SZNYF & Anor v Minister for Immigration and Citizenship
[2013] HCASL 126
SZNYF & ANOR
v
MINISTER FOR IMMIGRATION AND CITIZENSHIP & ANOR
[2013] HCASL 126
S52/2013
The applicants, who are husband and wife, are citizens of China. Following their arrival in Australia they applied for protection visas. The protection claims were those made by the wife. She claimed to have a well-founded fear of persecution based on her Catholic faith.
A delegate of the first respondent refused the applications on 29 April 2009. That decision was affirmed by the Refugee Review Tribunal ("the Tribunal") on 25 August 2009. That determination was quashed by the Federal Court of Australia on 10 August 2010 and the review was remitted to the Tribunal for reconsideration.
On 2 December 2011, the Tribunal (differently constituted) again affirmed the decision of the delegate. The Tribunal did not accept that the first applicant was a member of an "underground" Catholic Church in China. It pointed to inconsistencies between her account to the delegate and her evidence before the Tribunal.

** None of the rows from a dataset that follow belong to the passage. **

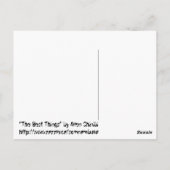 事最高の事 ポストカード (裏面)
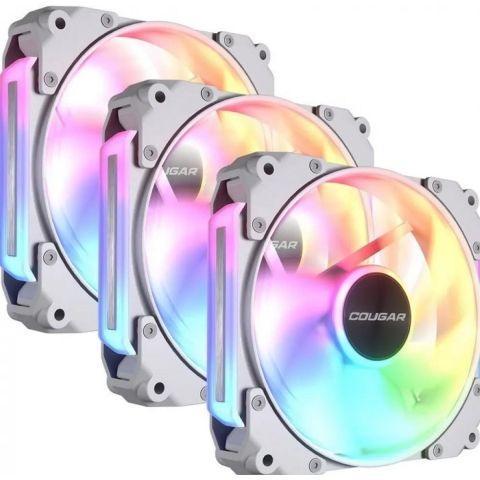 Cougar CF-APR12HW3-RGB PC-ventilator Wit (b x h x d) 120 x 120 x 28 mm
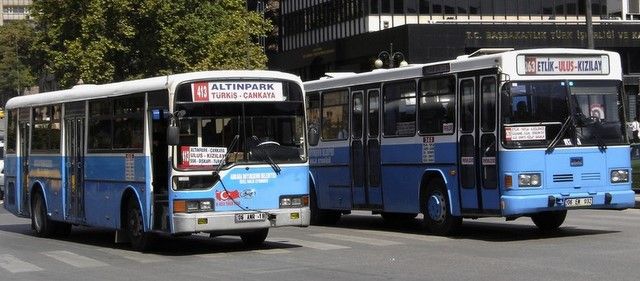 Halk Otobüsü Yeni Rengi Turkuaz Mavisi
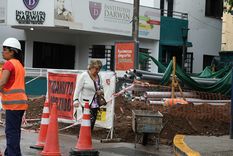 Tránsito cortado en calle San Juan de la Ciudad de Mendoza Foto: ALF PONCE MERCADO / MDZ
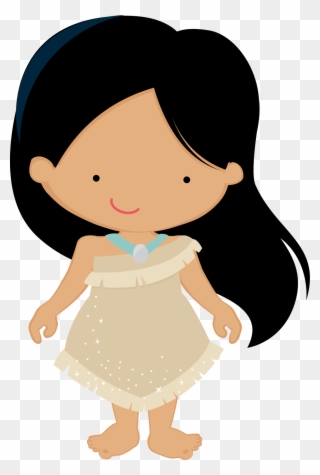 Princess Pocahontas, Disney Princess Babies, Baby Princess, - Princesas Animadas Png Clipart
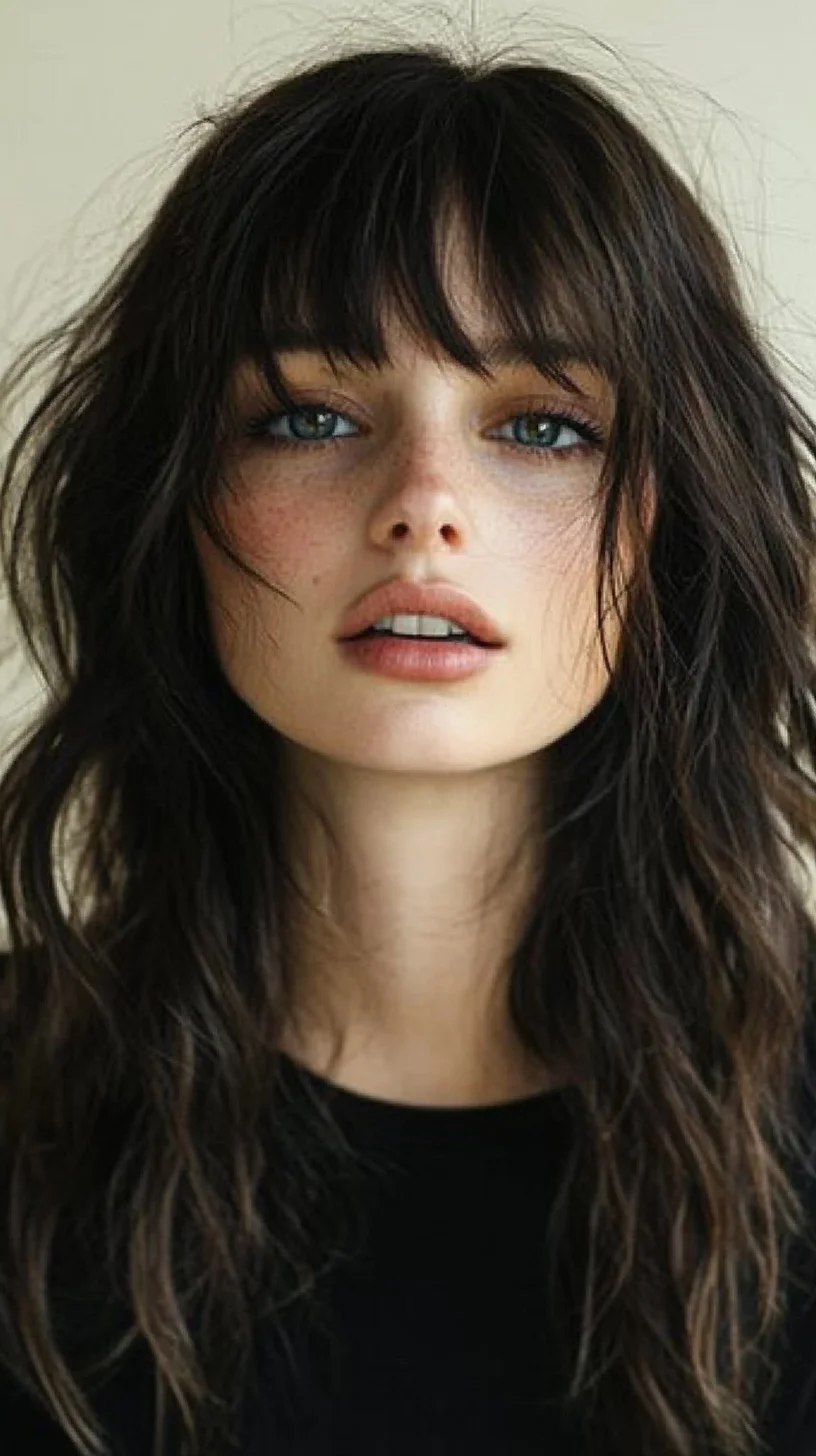 Effortlessly Chic: The Tousled Layered Cut with Flattering Bangs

The applicants applied for judicial review of the Tribunal's determination in the Federal Magistrates Court (Cameron FM). They asserted that an incomplete paragraph (par [300]) in the Tribunal's statement of its reasons disclosed jurisdictional error. The paragraph contained a summary of the first applicant's evidence of an incident in which she claimed to have suffered a head injury with resulting memory loss. The paragraph concluded with a statement "[t]he Tribunal does not accept that this incident took place because". The applicants submitted that a reasonable observer might conclude that the Tribunal had rejected the first applicant's evidence without having formulated reasons for that rejection[1]. Cameron FM considered that the incomplete paragraph was merely a typographical error and that the Tribunal's reasons as a whole revealed "a thoughtful examination of the applicants' claims, inconsistent with arbitrary decision-making"[2]. His Honour dismissed the application.
[1]SZNYF v Minister for Immigration [2012] FMCA 1034 at [31].
[2]SZNYF v Minister for Immigration [2012] FMCA 1034 at [34].
An appeal to the Federal Court of Australia (Nicholas J) was dismissed.
The applicants apply for special leave to appeal. Their written case is directed to the assertion that the incomplete paragraph evidenced jurisdictional error. Nicholas J correctly rejected that submission. The Tribunal expressly rejected the first applicant's evidence concerning her claimed head injury and gave detailed reasons for rejecting her evidence more generally. If special leave to appeal were granted, the appeal would have no prospect of success.
The application is dismissed.
Pursuant to r 41.10.5 we direct the Registrar to draw up, sign and seal an order dismissing the application.